Variability Isn't the Problem
I was helping someone recently who had an issue where their Largest Contentful Paint oscillated between very different results. Most of the time, it was ~6 seconds, but every once in a while (maybe 2 out of 9 tests or so), it would be 11 seconds or more.
Their initial reaction was to get frustrated at the measurement process and tool in question—why was it messing up so frequently?
But in reality, when we looked closer, what we found was that they were doing some server pre-rendering and then reloading a bunch of content using client-side JavaScript.
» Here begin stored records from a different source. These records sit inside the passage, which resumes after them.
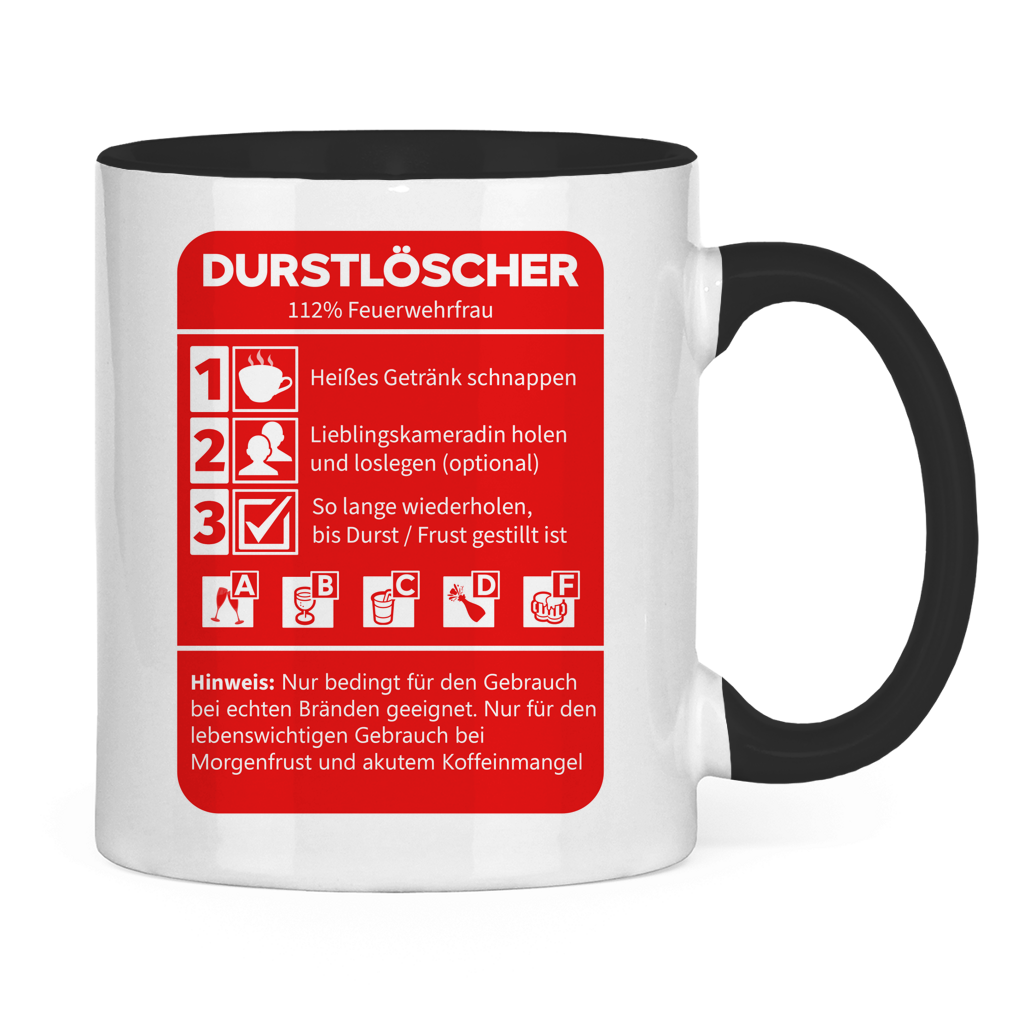 Tasse zweifarbig - Morgen Durstlöscher Feuerwehrfrau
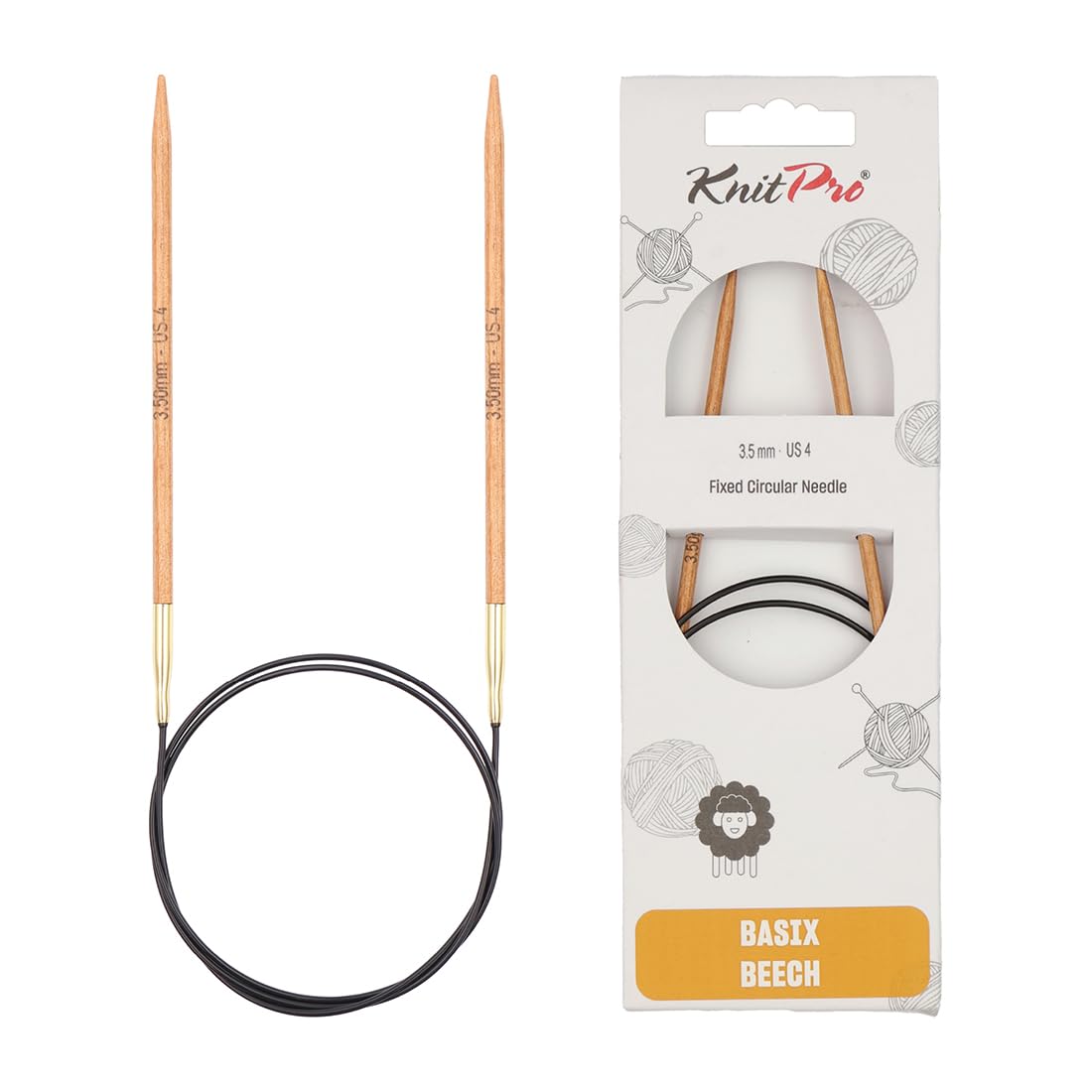 KnitPro Basix Beech Fixed Circular Needles 24" (60cm) | 3.50mm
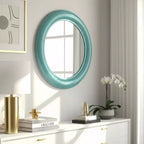 Miroir Mural Rond Moderne, Cadre en Métal, Accent Décoratif Contemporain, Design en Fer Élégant pour Salon, Chambre, Salle de Bain ou Bureau - 36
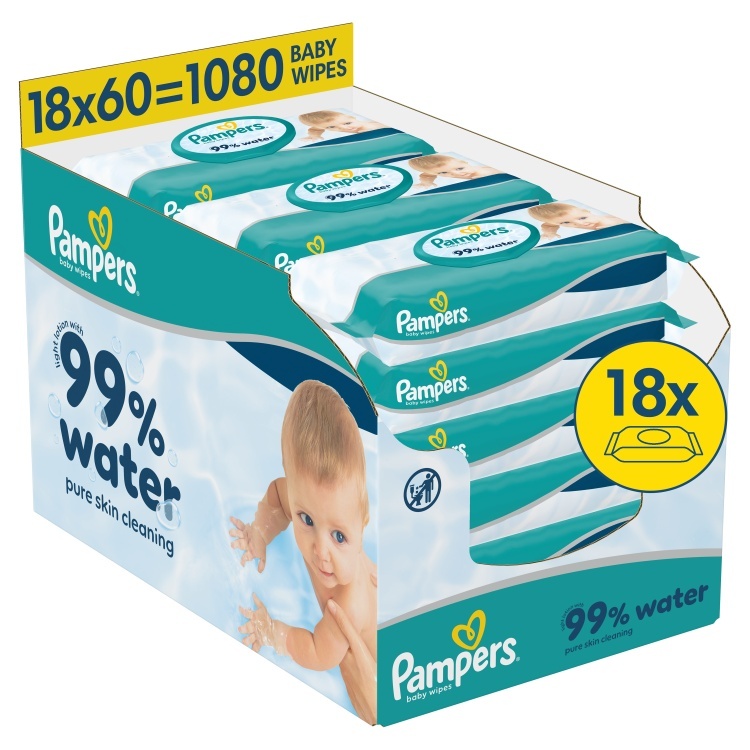 Pampers salvrätid Aqua niisked beebisalvrätid, 18 pakki, 1080 niisket salvrätikut
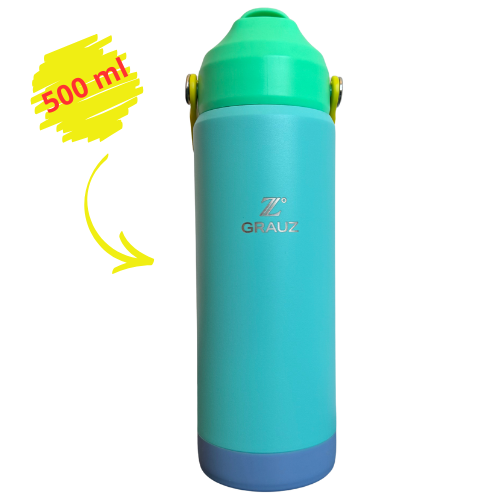 GARRAFA TÉRMICA KIDS GRAUZ VERDE 500 ML COM TAMPA E CANUDO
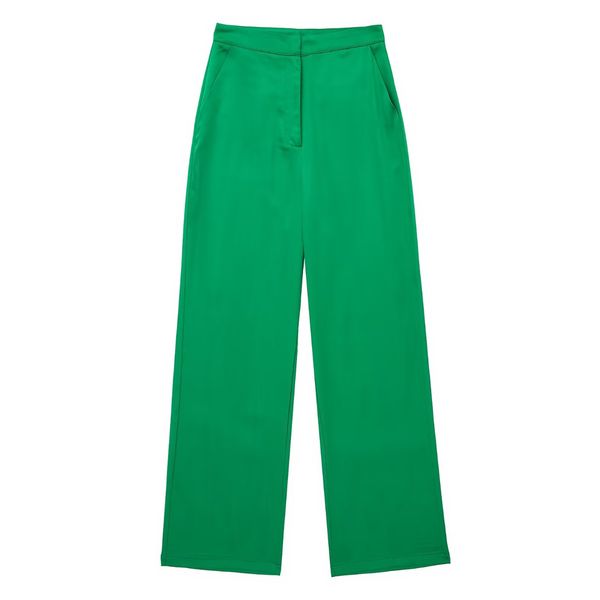 

autumn new women's pants side slit professional temperament commuting green high waisted straight pants, Black;white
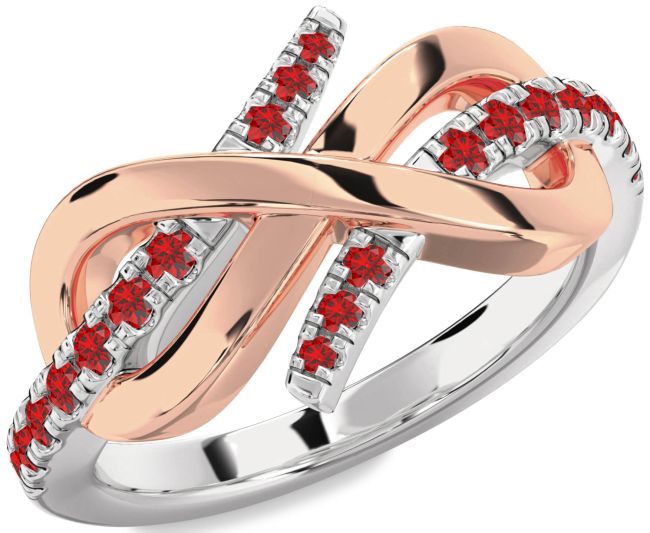 Ruby Rose Gold Silver Infinity Round Ring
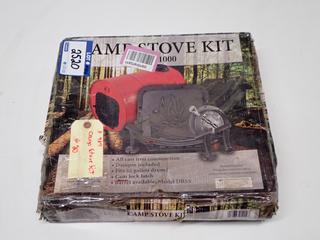 Camp Stove Kit c/w Cast Iron Door, (2) Legs, Flue Collar & Damper.
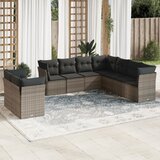 vidaXL 9-dijelni set vrtnih sofa od poliratana s jastucima sivi | shoptok.hr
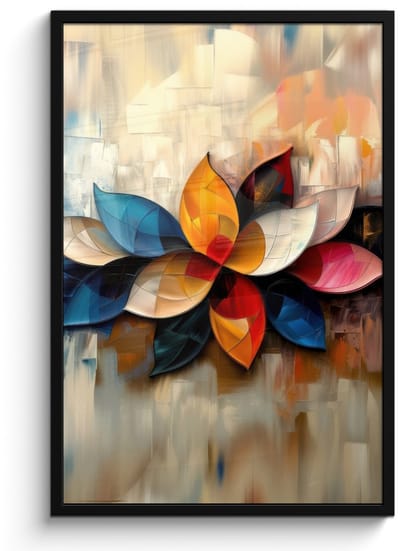 Poster in lijst - Fotolijst 60x90 cm - Posters - Bloem - Abstract - Kleurrijk - Bladeren - Posterlijst zwart - Decoratie - Wanddecoratie woonkamer - Muurdecoratie slaapkamer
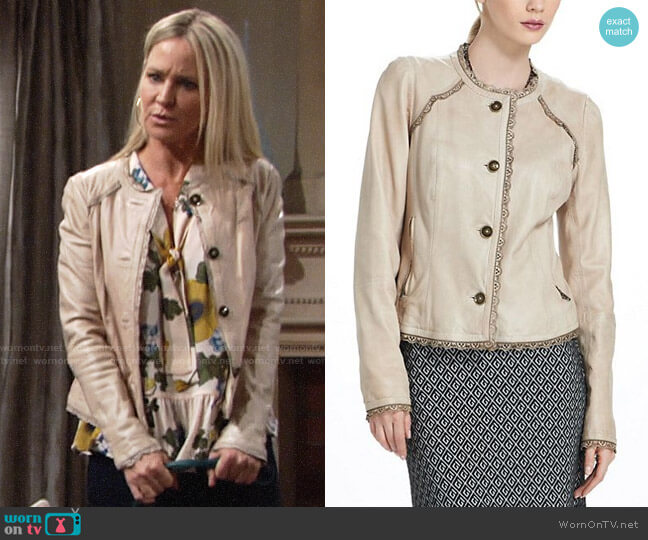 Elevenses Battenburg Leather Jacket worn by Sharon Newman (Sharon Case) on The Young and the Restless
Turns out, they had a race condition
If a certain chunk of CSS was applied before a particular JavaScript resource arrived, then for a brief moment, their hero element was larger, causing their Largest Contentful Paint to fire much earlier. When things loaded as they intended, the hero element was a bit smaller and the Largest Contentful Paint didn’t fire until a later image was loaded.
The tests weren’t flawed—they were exposing a very real issue with their website.
Variability in performance data is a frequent industry complaint, and as a result, we see a lot of tools going out of their way to iron out that variability—to ensure “consistent” results. And sometimes, yeah, the tool is at fault.
But just as often, going out of our way to smooth over variability in data is counterproductive. Variability is natural and glossing over it hides very real issues.
Variability itself isn’t the issue. Variability without providing a clear way to explore that variability and understand why it occurs? That’s the real problem.